Omishima is an artistically and religiously significant island in the Inland Sea. Part of Imabari, it’s accessed by the Shimanami Kaido expressway via a series of bridges. The islands of the Shimanami Kaido are packed with things to see and do, and Omishima is no exception.
The Omishima Art Museum is located in the waist of the island, across the road from the ancient Oyamazumi Shrine. There’s abundant space to park in this area, and the entrance to the car park is just before the museum if you’re coming from the east.
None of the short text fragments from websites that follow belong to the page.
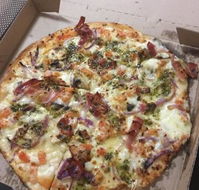 Domino's Pizza Doubleview - Grafton Accommodation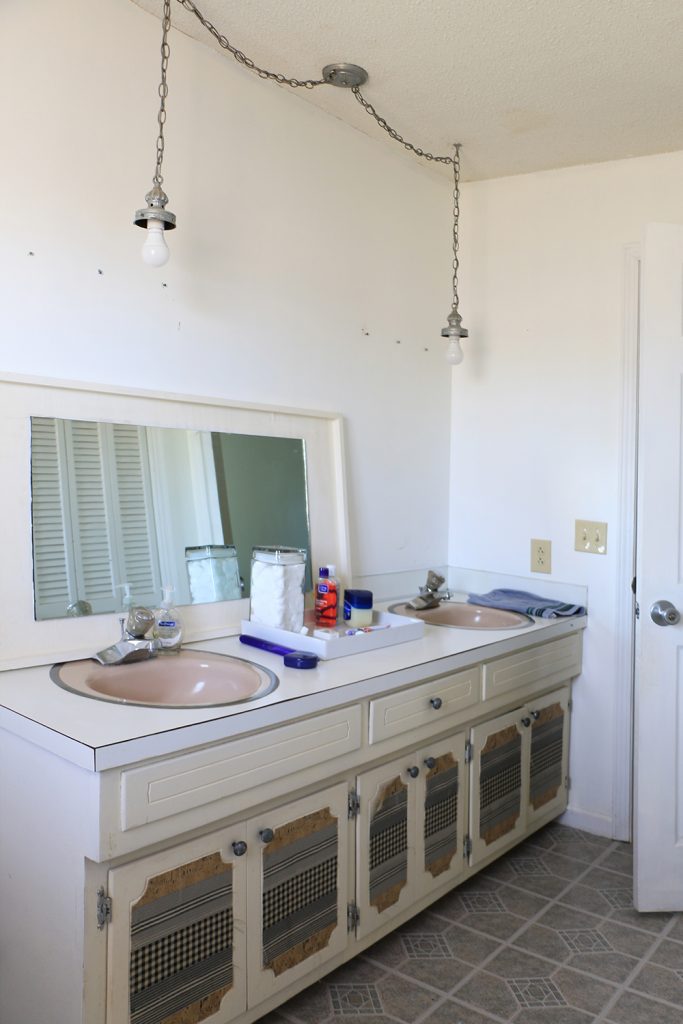 outdated bathroom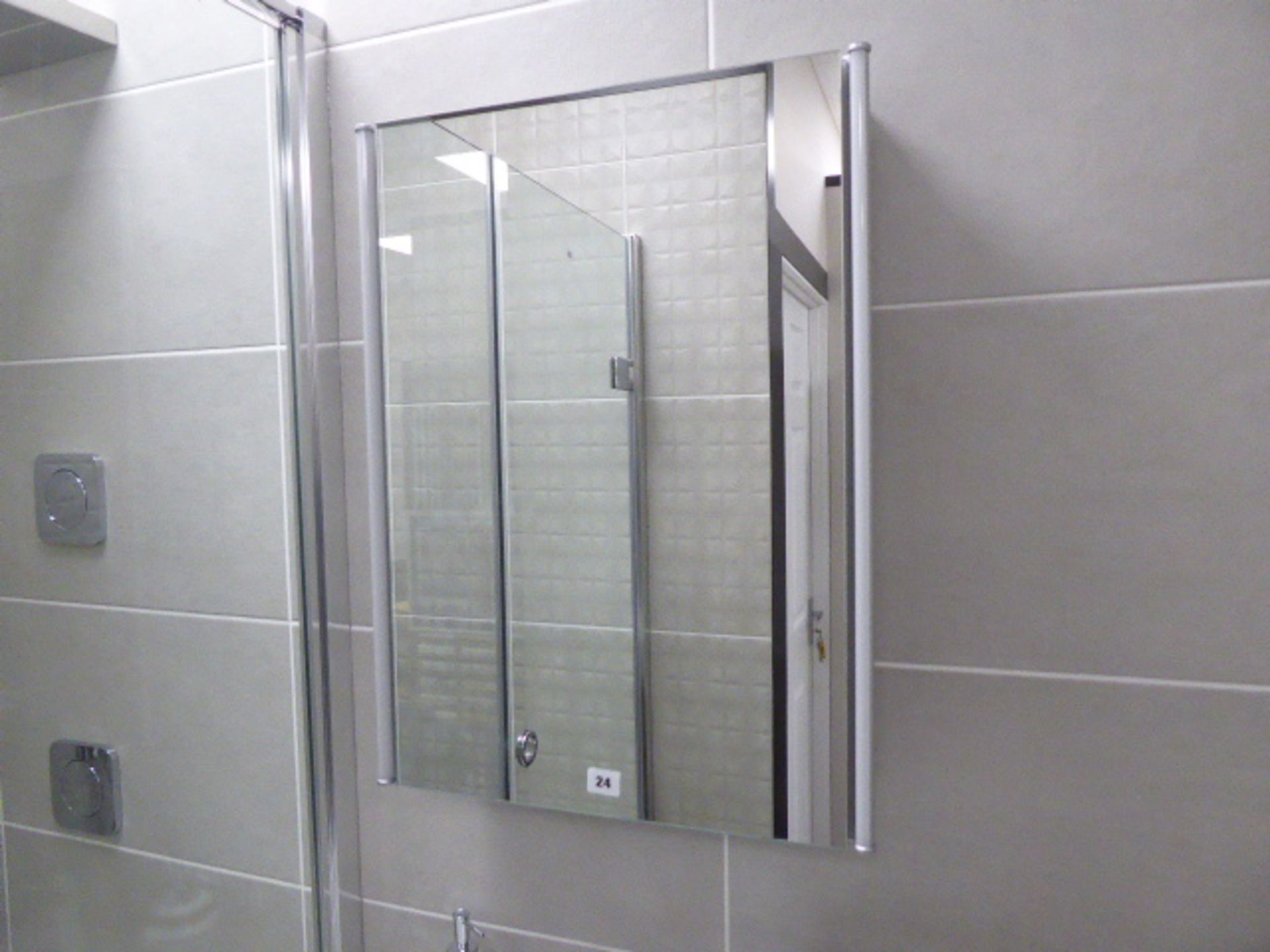 Roca Puzzle shower room comprising of large shower tray, glass single door shower screen, built in - Bild 3 aus 9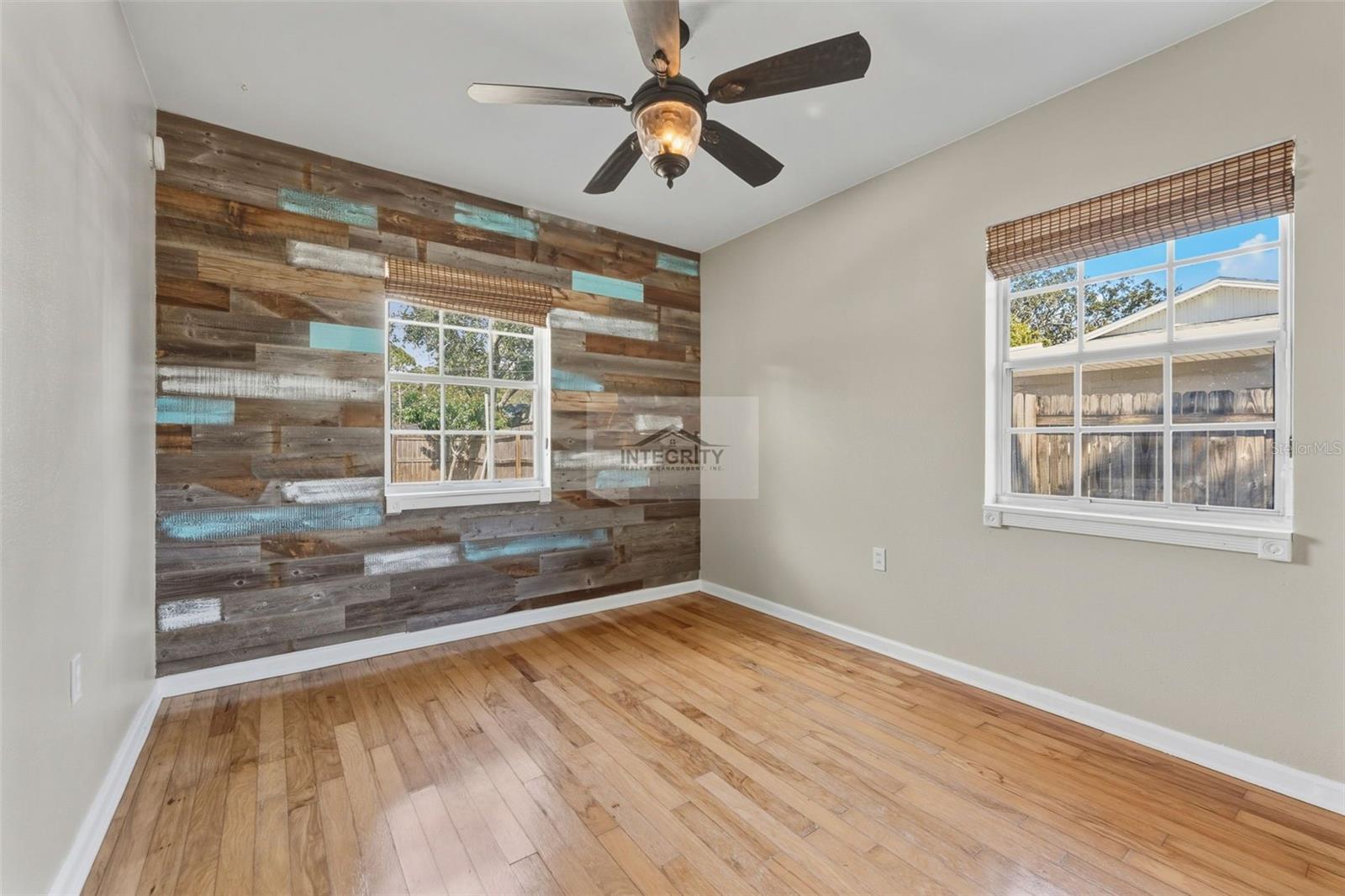 Image 21 of 35 For 4619 Bay Villa Avenue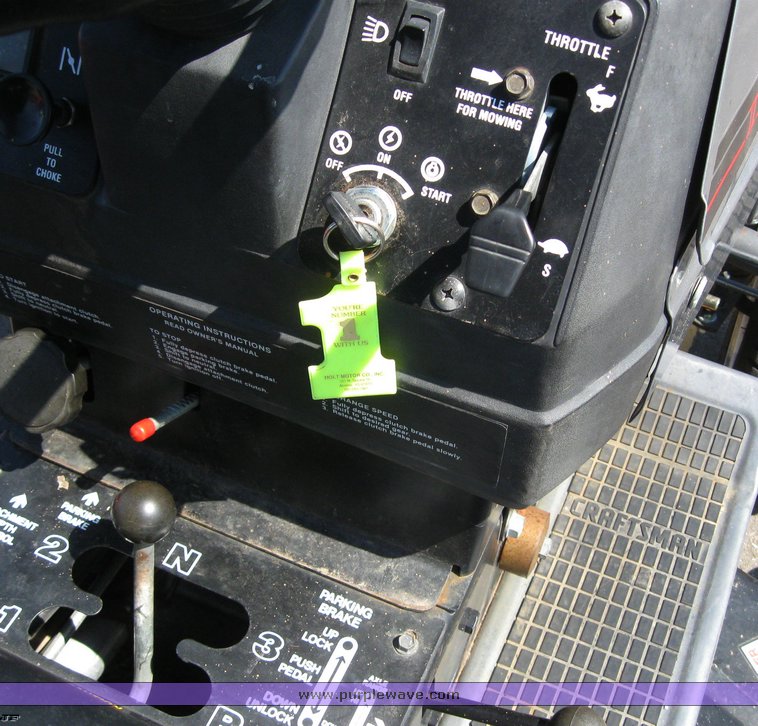 image for item 5811 Sears GT6000 lawn tractor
The art museum appears as a rather vacant structure of pillars and glass, and once inside, you become aware that there’s not much art to be seen here—this is just the lobby and café. After you buy your ticket for 500 yen, you pass through a corridor outside into the actual gallery area where everything is a good deal more robust.
There are four main rooms, of which all but the last are used for rotating and special exhibitions. I was there in August and the first room was dedicated to paintings evoking summer. A multimedia painting by local artist Kyosuke Chinai particularly impressed me with its evocation of a young girl trying on a kimono. Scraps of actual kimono material incorporated in the work give it the quality of a remembered event. Another delicate pen and watercolor work by Tekison Uda showing the summer vegetable known as bitter gourd is sufficiently real to call to mind the pungent smell that the vine gives off.
When I visited, the second room was devoted to animals, and there were some dramatic, not to say edgy portrayals of animals from all over the world. An elephant was represented in a square canvas just by an eye, a tusk, an ear, and wrinkles, and yet from these abstract elements, I was sure I could see the whole elephant. Another rather droll painting showed a dog in a rainstorm, but on closer inspection, the rain was finely drawn vines.
The third room is a sitting room with photos of the artist in the final room at work. The artist is Toshio Tabuchi, a modern painter of poster-like images, some of which cover a whole wall and are impressive in their scale and detail.
A visit to the Omishima Art Museum won’t take you very long, but the selection of works is stimulating and rewarding. The museum makes something of a set for the art lover with the Tokoro Museum, the Toyo Ito Museum of Architecture, and the Ken Iwata Mother and Child Museum, also on Omishima Island.